IMF presses Germany to invest more to cut TS
Echoes Macron call for end to German fiscal conservatism
BERLIN, May 14, (RTRS): The International Monetary Fund on Monday stepped up pressure on Chancellor Angela Merkel’s government to help reduce Germany’s high trade surplus by further increasing its public investment.
Germany should also consider pension reforms to lengthen working lives, mitigating the need for workers to save so much for retirement and lower the risks of old-age poverty, the Fund said.
The IMF and the European Commission have long urged Germany to boost domestic demand by lifting wages and investment to reduce what they call global economic imbalances. Since his election, US President Donald Trump has also repeatedly criticised Germany’s export strength.
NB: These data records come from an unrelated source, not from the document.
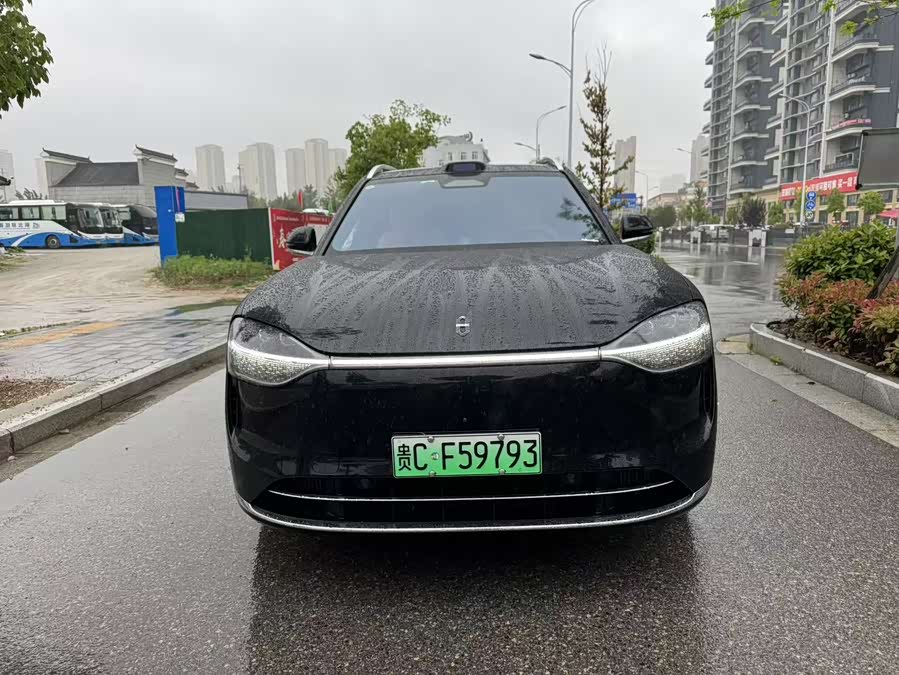 AITO M9 2024 Range Extender Ultra Edition 42kWh 6-Seater - zdjęcie 2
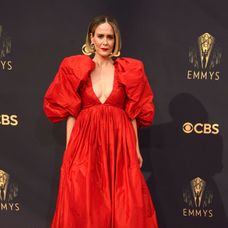 Sarah Paulson na Emmy Awards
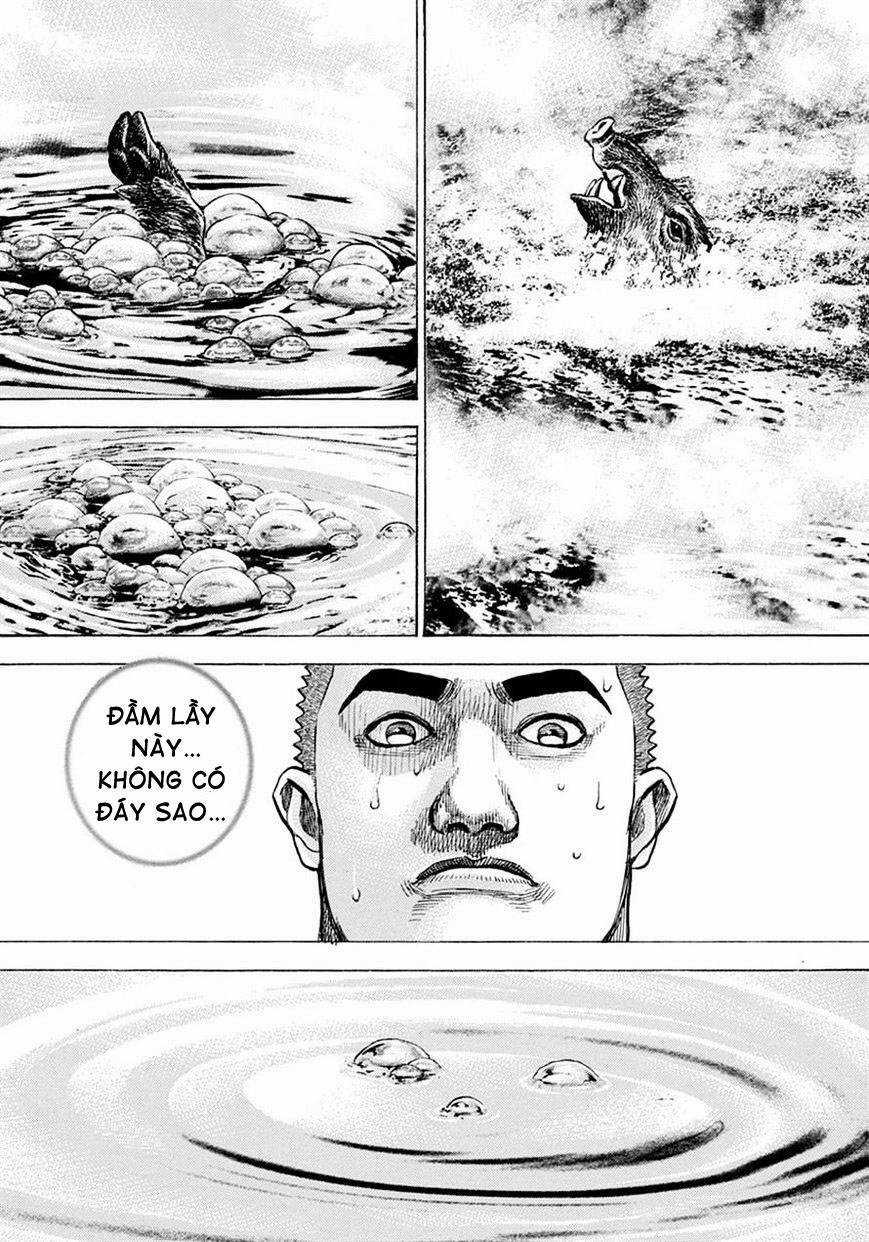 Tough - Miyazawa Kiichi Chapter 396 trang 5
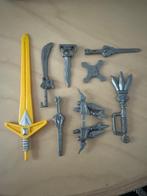 Power rangers wapen lot Bandai, Ophalen of Verzenden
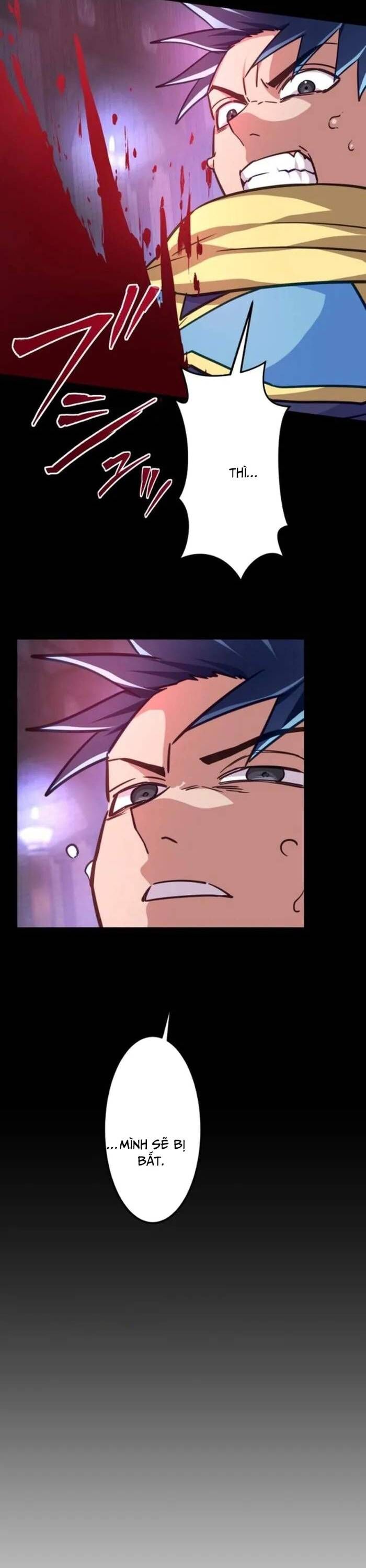 Siêu Thăng Cấp Anh Hùng - Chapter 45 - Page 22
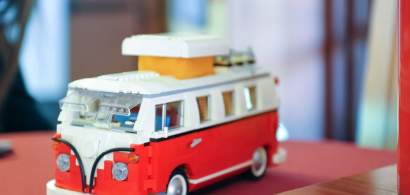 A fost lansat primul autobuz fără șofer din Seul: ”Seamănă puţin cu o jucărie...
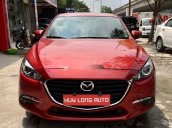 Cần bán lại xe Mazda 3 AT sản xuất 2018, màu đỏ, giá tốt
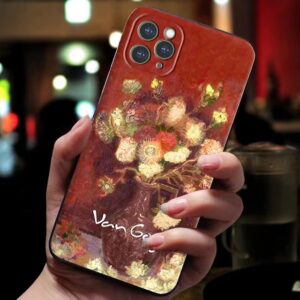 Coque « Bouquet de Fleurs des Champs » Van Gogh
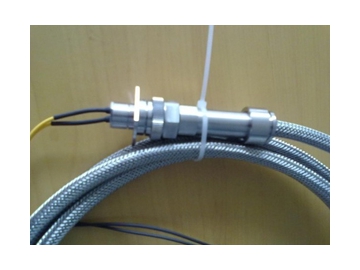 Fabricante de cable industrial
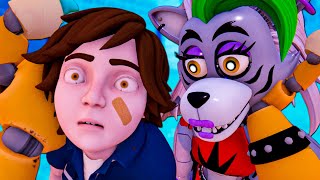 Freddy Salva Gregory from Roxy in Boneworks 2 VR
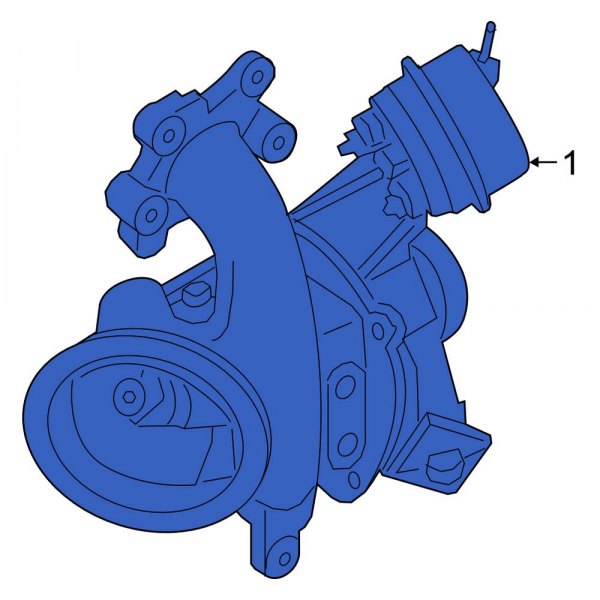 Turbocharger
The IMF said boosting productivity growth and investment would raise Germany’s long-term growth potential and reduce its “persistently large current account surplus” - the broadest measure of goods, services and investment flowing into and out of the country.
“The new government’s coalition agreement contains several welcome measures which will continue to address some of these challenges,” the IMF said in its annual policy recommendations.
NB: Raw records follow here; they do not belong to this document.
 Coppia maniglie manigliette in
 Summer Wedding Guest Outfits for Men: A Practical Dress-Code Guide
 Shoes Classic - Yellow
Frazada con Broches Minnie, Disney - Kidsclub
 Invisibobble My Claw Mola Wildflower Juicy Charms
“Yet the current favourable economic environment provides an opportunity for the new government to take more forceful policy actions,” the IMF added.
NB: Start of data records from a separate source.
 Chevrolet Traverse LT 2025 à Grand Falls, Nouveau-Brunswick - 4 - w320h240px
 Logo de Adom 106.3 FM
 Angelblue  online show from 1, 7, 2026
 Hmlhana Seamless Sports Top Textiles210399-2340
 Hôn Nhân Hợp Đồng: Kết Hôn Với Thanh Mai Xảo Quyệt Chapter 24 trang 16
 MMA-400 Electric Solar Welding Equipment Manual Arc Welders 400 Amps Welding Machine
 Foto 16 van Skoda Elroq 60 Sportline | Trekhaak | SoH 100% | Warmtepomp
French President Emmanuel Macron gave a speech in Germany last week in which he urged it to wean itself off the “fetish” of fiscal conservatism if it wants to become a leading force for European renewal.
In January, IMF chief Christine Lagarde warned that ballooning current account surpluses in countries such as Germany were partly responsible for the rise of protectionism elsewhere.
In its recommendations, the IMF said Germany should use the “ample available space within the fiscal rules” to further increase public investment in infrastructure and education.
Asked if Finance Minister Olaf Scholz should ditch his predecessor’s goal of a “black zero” budget that incurs no new debt and instead issue at least some new bonds to boost investment, IMF economist Julie Kozack said prudent fiscal policy was important.